* **Assigned task**
Leave every picture out, then reproduce the rest of the listing exactly.

* **Input material**
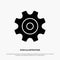 Cogs, Gear, Setting, Wheel solid Glyph Icon vector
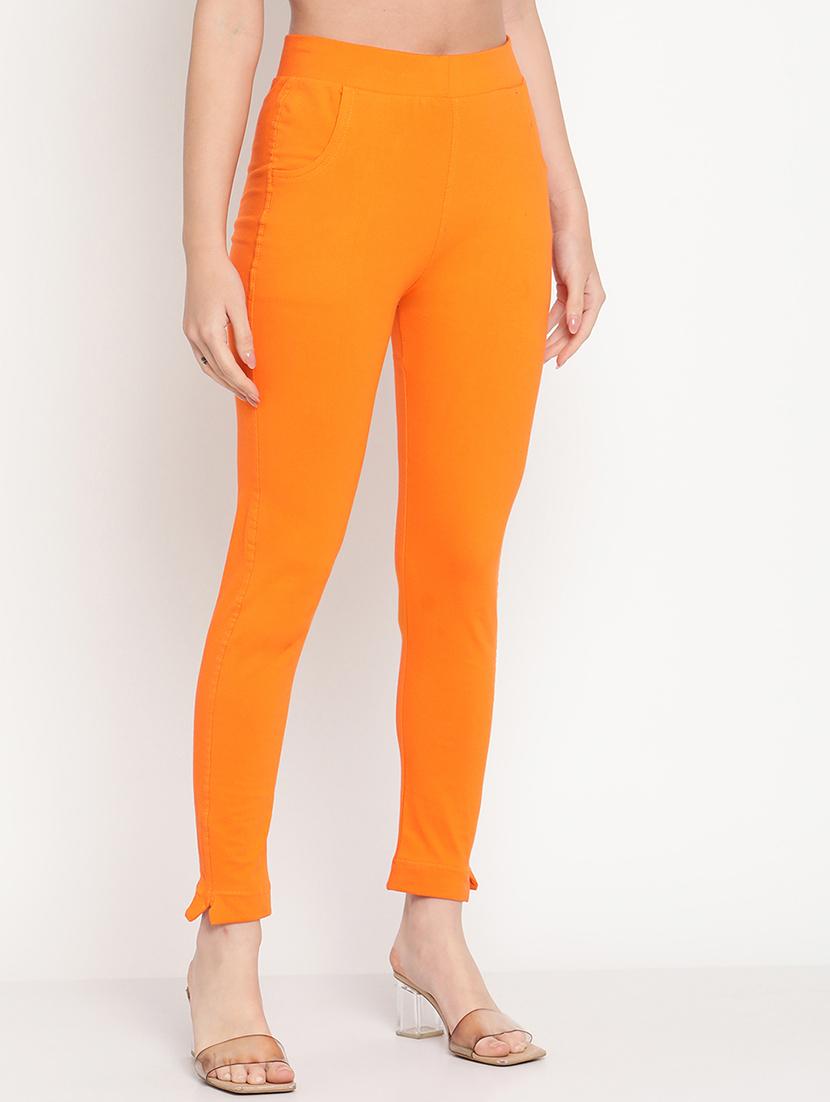 orange solid legging - 18318945 - Standard Image - 1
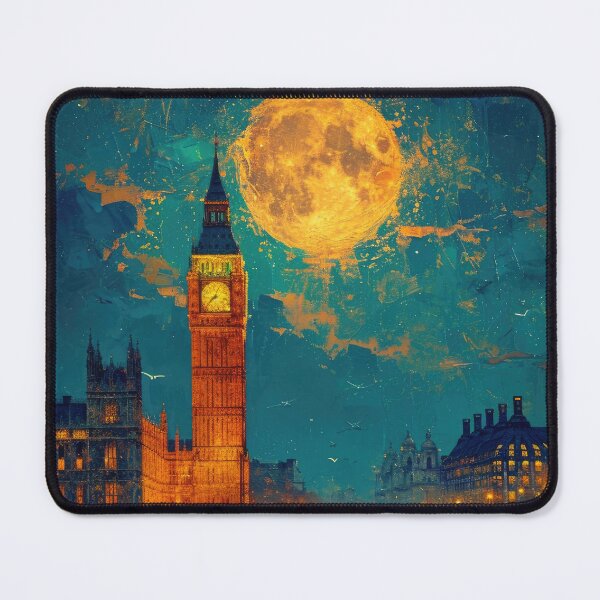 Item preview, London "Big Ben" River Thames England designed and sold by ArtHouseNiklas.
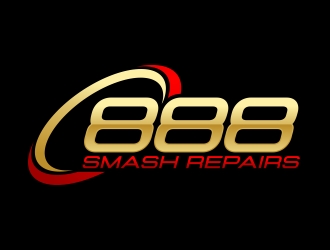 888 Smash Repairs logo design by ekitessar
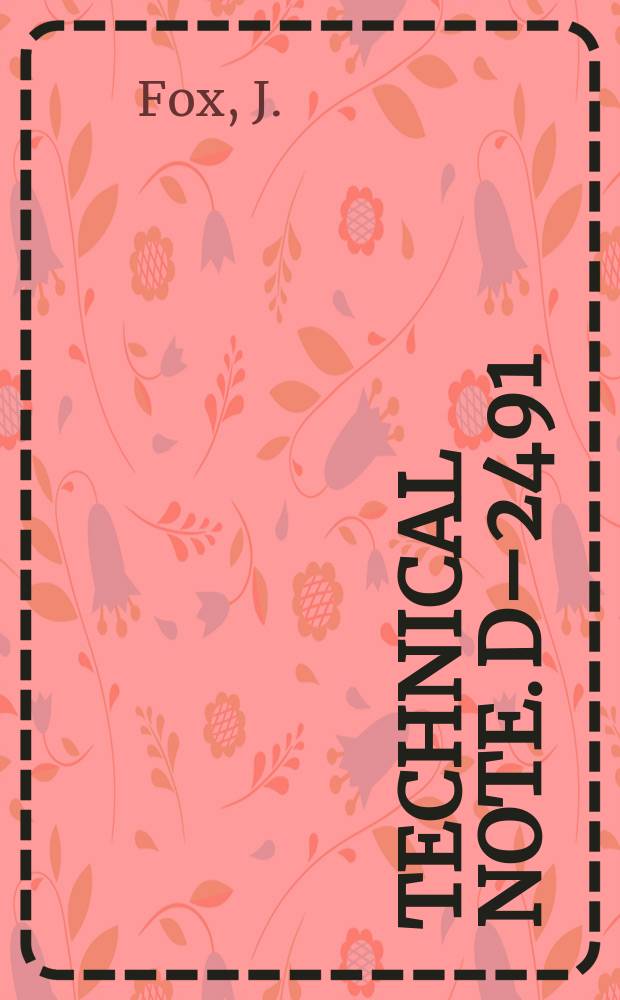 Technical note. D–2491 : Boundary layers on rotating spheres and other axisymmetric shapes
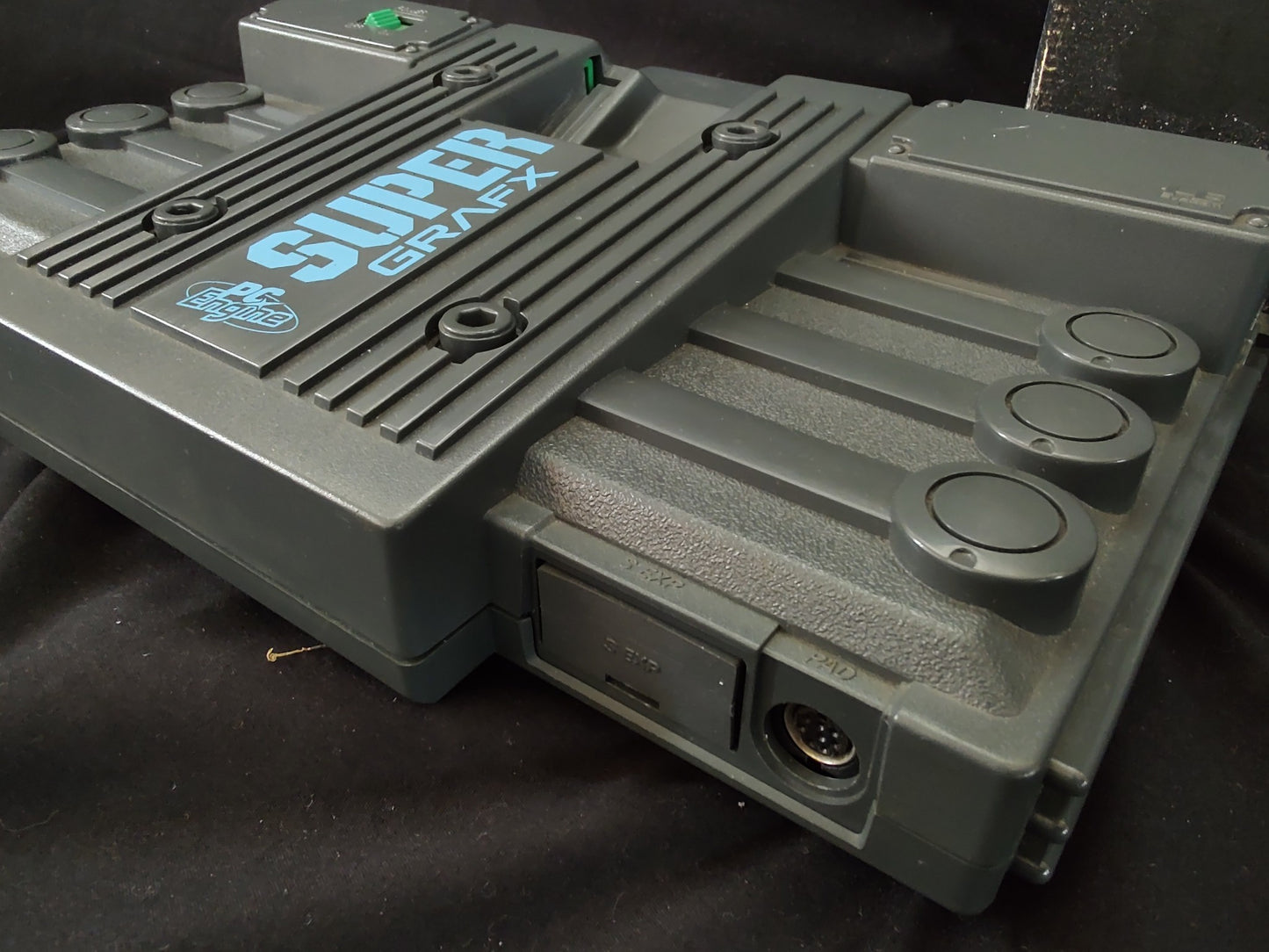 NEC PC Engine SuperGrafx PI-TG4 Console,w/Pad, PSU, AV cable, Box, Working-f1014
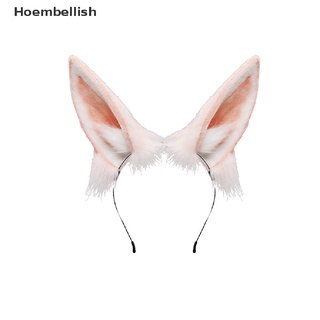 Hoe> diademas peludas conejo orejas de gato Headwear conejo pelo aro para Halloween Cosplay bien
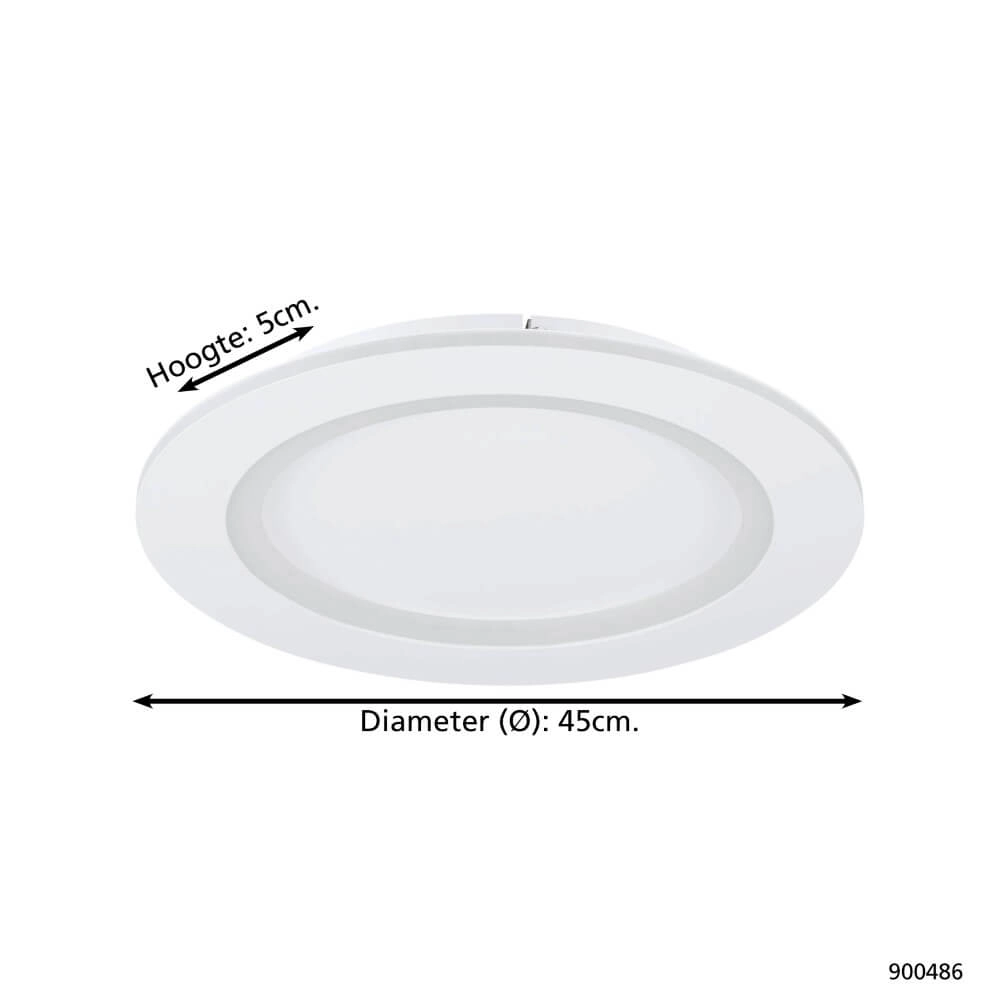 Round ceiling lamp Padrogiano-Z Ø 45cm white Eglo 9008606244218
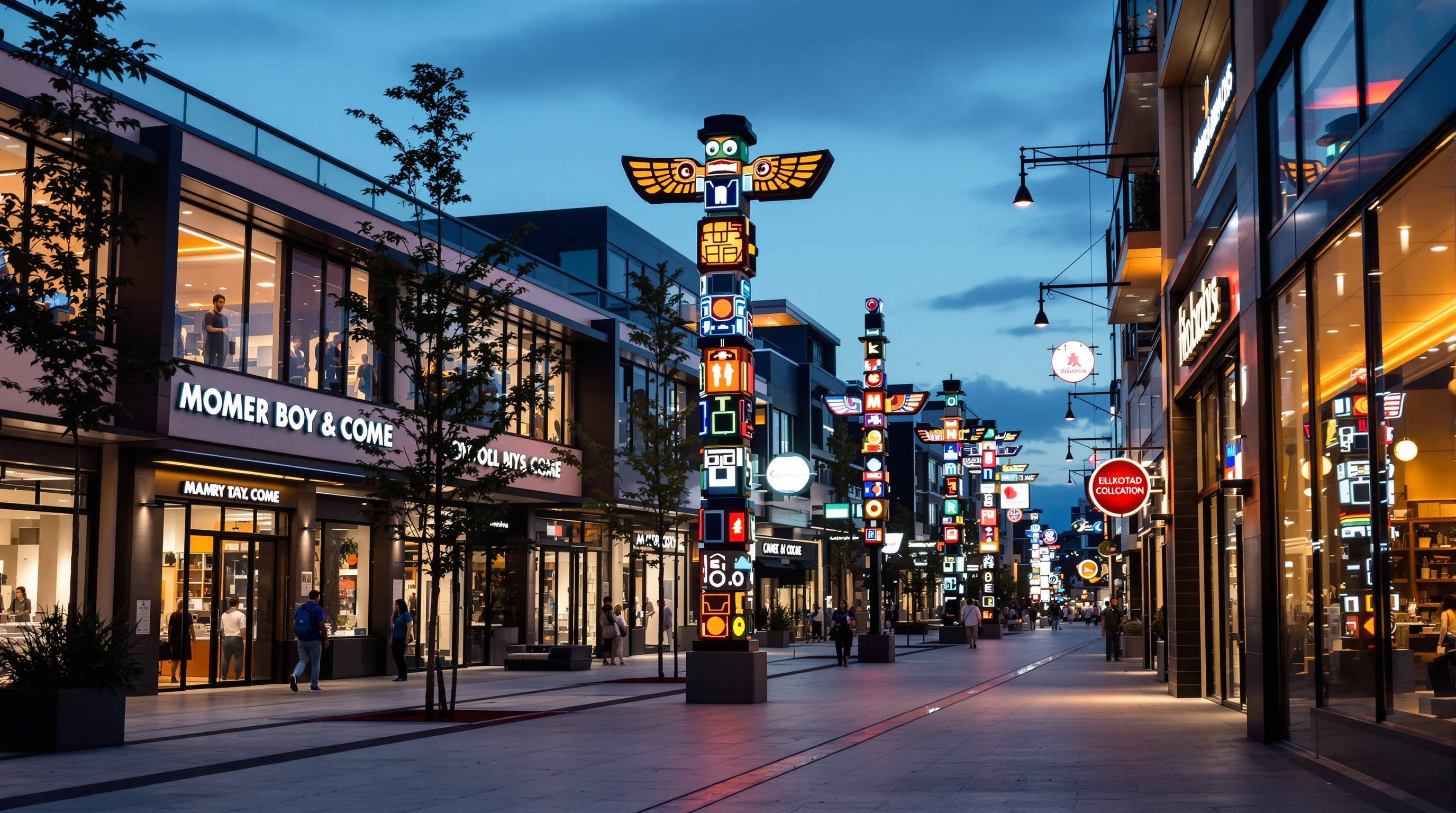 Commercial signage installation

* **Reply**
 Cogs, Gear, Setting, Wheel solid Glyph Icon vector
 orange solid legging - 18318945 - Standard Image - 1
 Item preview, London "Big Ben" River Thames England designed and sold by ArtHouseNiklas.
 888 Smash Repairs logo design by ekitessar
 Technical note. D–2491 : Boundary layers on rotating spheres and other axisymmetric shapes
 NEC PC Engine SuperGrafx PI-TG4 Console,w/Pad, PSU, AV cable, Box, Working-f1014
 Hoe> diademas peludas conejo orejas de gato Headwear conejo pelo aro para Halloween Cosplay bien
 Round ceiling lamp Padrogiano-Z Ø 45cm white Eglo 9008606244218
 Commercial signage installation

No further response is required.